## Problem to work on
Write out all the data verbatim. Skip images.

Caption-style text data:
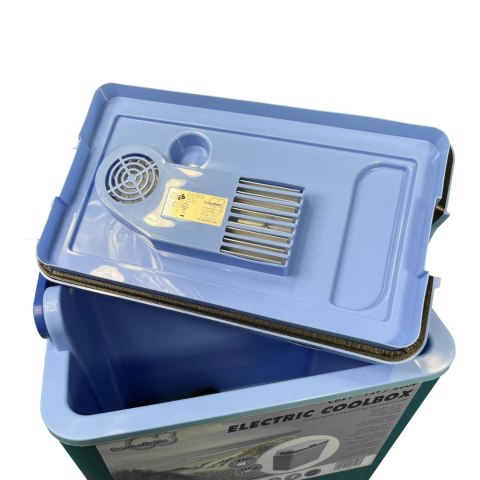 Lodówka turystyczna samochodowa KAMAI CB 21L - 12V/230V Kamai Coolbox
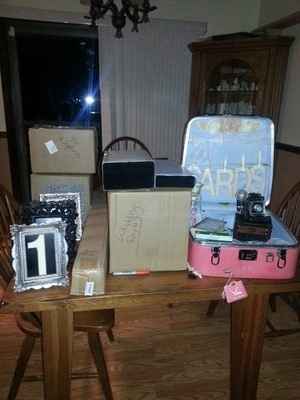 Does anyone else's house look like this?!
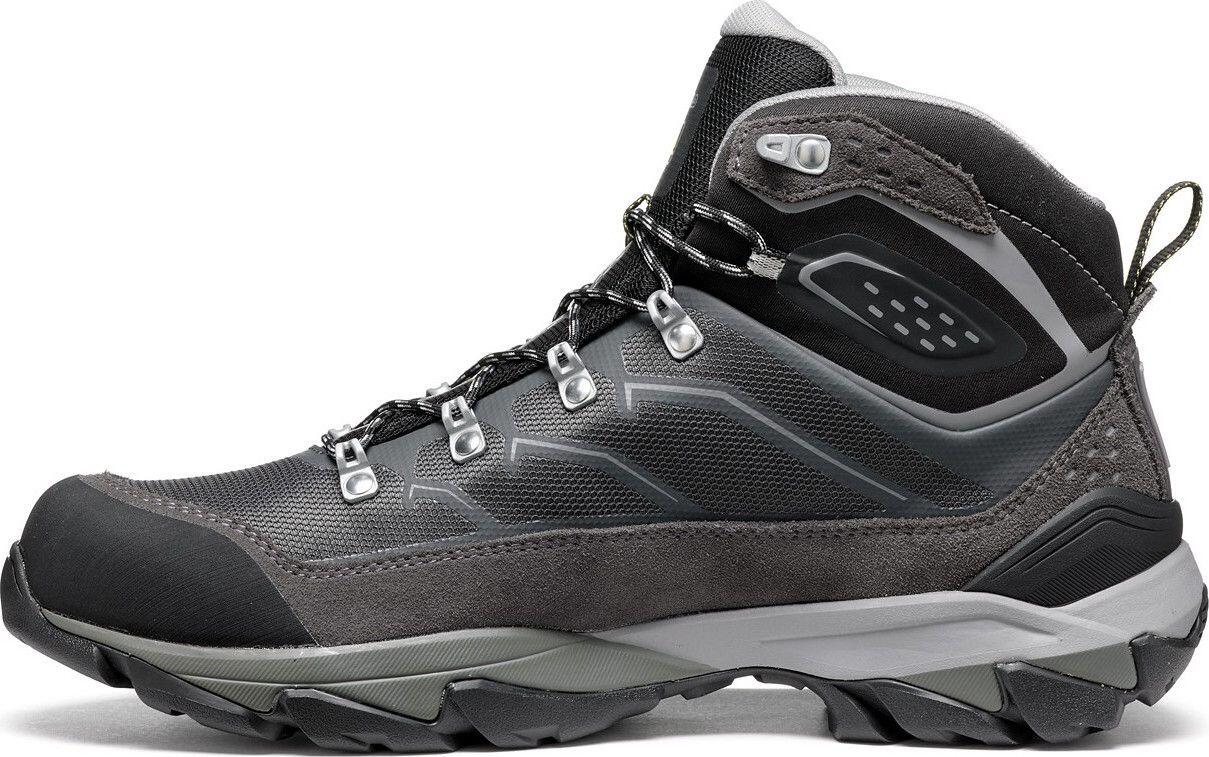 Asolo Acadia Mid Gore-Tex Wandelschoenen Grijs 4/7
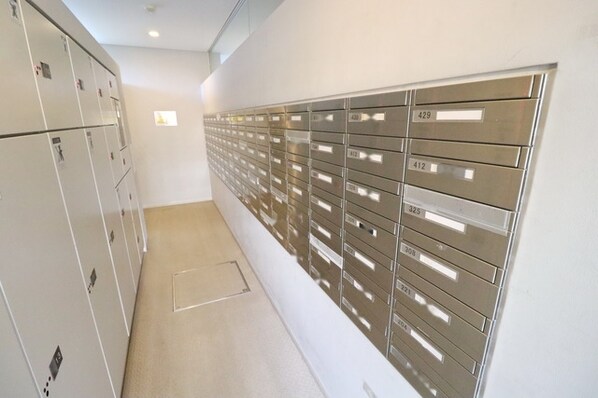 S-FORT横浜青葉台の物件内観写真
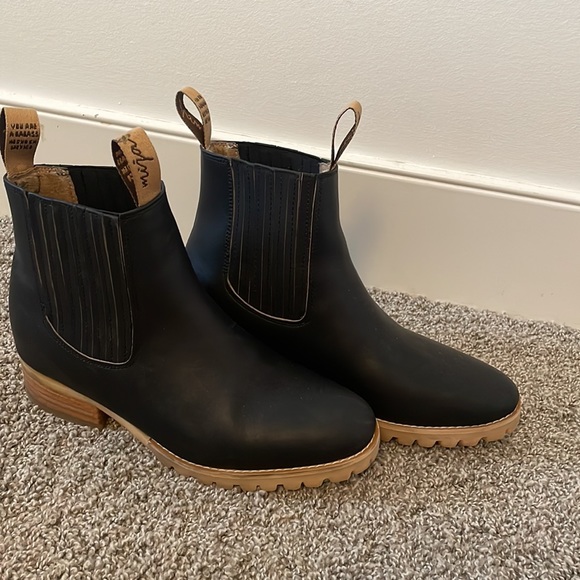 Mija boots - Picture 3 of 3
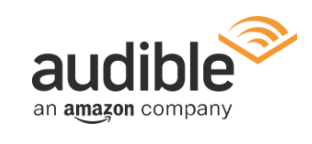 Audible, an Amazon company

## Solution to this task
 Lodówka turystyczna samochodowa KAMAI CB 21L - 12V/230V Kamai Coolbox
 Does anyone else's house look like this?!
 Asolo Acadia Mid Gore-Tex Wandelschoenen Grijs 4/7
 S-FORT横浜青葉台の物件内観写真
 Mija boots - Picture 3 of 3
 Audible, an Amazon company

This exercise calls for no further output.